最初の一週間くらいは本当に楽しかった。次の二週間くらいも、やること、やれることが増えてきて楽しかった。
なんだ、周りは大袈裟だったんだな。そう納得した。
趣味の界隈にいたときに持っていたペンライトは全部ネットフリマで売り払った。ついでにゲーム機なんかも売ったらすっきりして、お小遣いになった。
私はしばらくの間は、充実した毎日を送っていたと思ったけれど。
あれとなったのは、同期の皆でお昼を食べているときだった。
「それでさ、先輩の松永さんと橘さん、付き合ってるんだってさ」
「社内恋愛って本当にあるんだあ……」
「でも結婚する気なさそうだよ。うちの会社、結婚したと同時に転勤が入るんだってさ。どっちもキャリア潰されるの嫌だからって」
「へえ……」
社員食堂は充実していて、どれもこれもおいしい上に量が選べるはずなのに。その日の食事はどうもおいしくなかった。
(あれ? 私、疲れてる?)
最初の違和感はここだった。
次の違和感は、その日の仕事が終わり、帰ろうとしているところで。
「ねえ、汀さん、合コンに行かない? 彼氏できるよ?」
「えー……私、そういうの興味ないんで」
「えー……だったら汀さん、普段家でなにやってるの? 彼氏いたら毎日楽しいよ?」
それに私は閉口してしまった。
(私、大学時代に彼氏いなかったけれど、人生毎日無茶苦茶楽しかったのに。人に接待してもらわないと人生って楽しめないものなの?)
そこでようやく気が付いてしまった。
趣味のない人の趣味って、人間関係だと。誰かが結婚したからご祝儀とか、誰かが家族亡くされたからお悔やみとか、それらは仕事の関係上聞かないといけないから必要だけれど。誰かと誰かが付き合っているとか興味ないし、人の趣味をあげつらうのも、その人の勝手でしょとしか思えないし。

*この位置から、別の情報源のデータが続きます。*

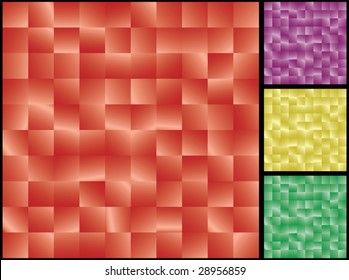 Abstract red tiles seamless background. Vector illustration for you design. Added purple, green and yellow variants.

趣味のない人って、つまらない。会話が見知らぬ人の噂しかなくって楽しくない。
私の中で、強い衝撃だった。
でも。でも。私、いた界隈のもの全部売っちゃったし。今更あの界隈にどの面下げて帰ればいいんだろう。
どうしよう。私、趣味持ったほうがいい。
本当に、強い衝撃だったのだ。
****
二次元のアイドルが好きだった。
二次元だと年を取らないし、スキャンダルもないし。
ソシャゲ界隈にはアイドルゲームが数種類くらいあり、私のしていたソシャゲのアイドルは、原作シナリオはびっくりするほどに賛否両論だったけれど、歌やパフォーマンスは本当に人気で、ライブにはしょっちゅう直参していた。

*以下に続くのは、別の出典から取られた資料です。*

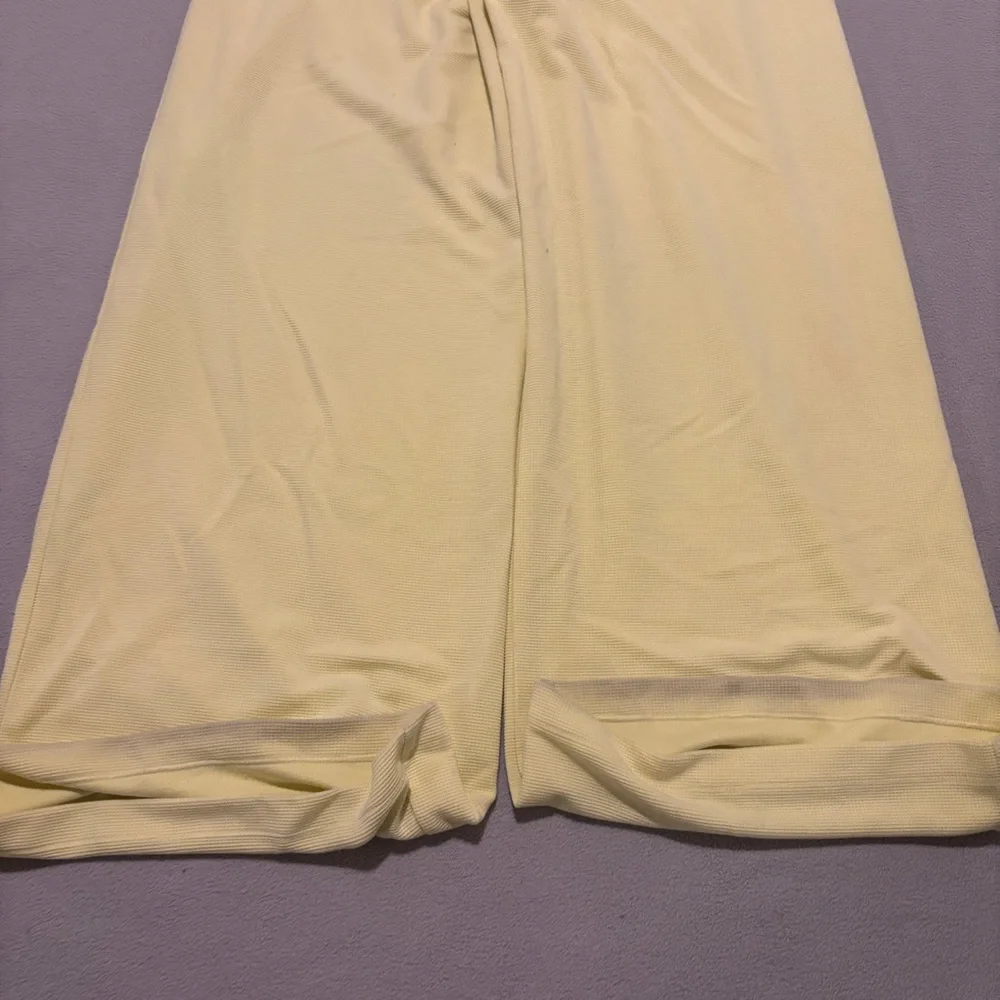 Gymshark‎ Sweatpants Size XS Yellow Waffle Wide Leg Drawstrings Gym Workout - Picture 8 of 8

二次元のアイドルにペンライト振ってどうするのとか。中の人のライブじゃ駄目なのかとか。趣味に関係ない人にはさんざん言われたけれど。
ライブ会場に行けば、それは紛れもなく、アイドルのライブ会場だとわかる。
今日のセットリストはどうだろう。どこのアイドルユニットが送迎の言葉を言ってくれるんだろう。ライブ中に振ってくるリボンの取り合い、グッズの抽選交換。もうなにもかもが楽しかった。
その空気に浸りたいけれど、久々だと感覚が掴めなくて、チケットを買うことがついにできなかった。
【チケットはご用意されませんでした】
そのメールに突っ伏した。
「……行きたかったな、ライブ」
ソシャゲでは、四周年記念でいろいろイベント目白押しだけれど、私は削除したアプリを再び入れる勇気もなくて、ただ突っ伏して途方に暮れていた中。
アカウントを入れずに見ていたSNSで【チケット譲ります】の文字が見えた。
【チケット譲ります
諸事情で直参できなくなってしまいましたので、直参で行ける人、当日参加ユニットが好きな人に、チケットをお譲りします。
条件は、その日のライブレポートをマンガなら四枚以上、レポート文なら一万字以上上げてくれることです。】
なかなか厳しい条件のせいか、未だにそのチケットは残っているようだった。
私はちらりとSNSを見る。
たしかひと月以内だったら、アカウントを復元できたような。
「……戻ったら、皆に砂をかけたのに怒られないかな?」
でもライブに行きたい。レポートなら、私毎日一万字くらい軽く上げてた。
好きなものがあったら、人のことをあげつらうことなんて、どうでもよくなる。自分のことが一番楽しくなるのだから。
私はアカウントの復元方法を検索して、復元をはじめた。
もし、ここで復元できてチケットを譲ってもらえたら。
皆にちゃんと謝ろう。
もし、レポート一万字書けたら、思い切って言ってみよう。
卒業しても、趣味は捨てるな。
趣味のない人生って、マジでつまらないぞと。
本当に先輩たちの言っていたことを思い知るなんて、思いもしなかったな。私はそう思いながら、アカウントが復元されるのを待っていた。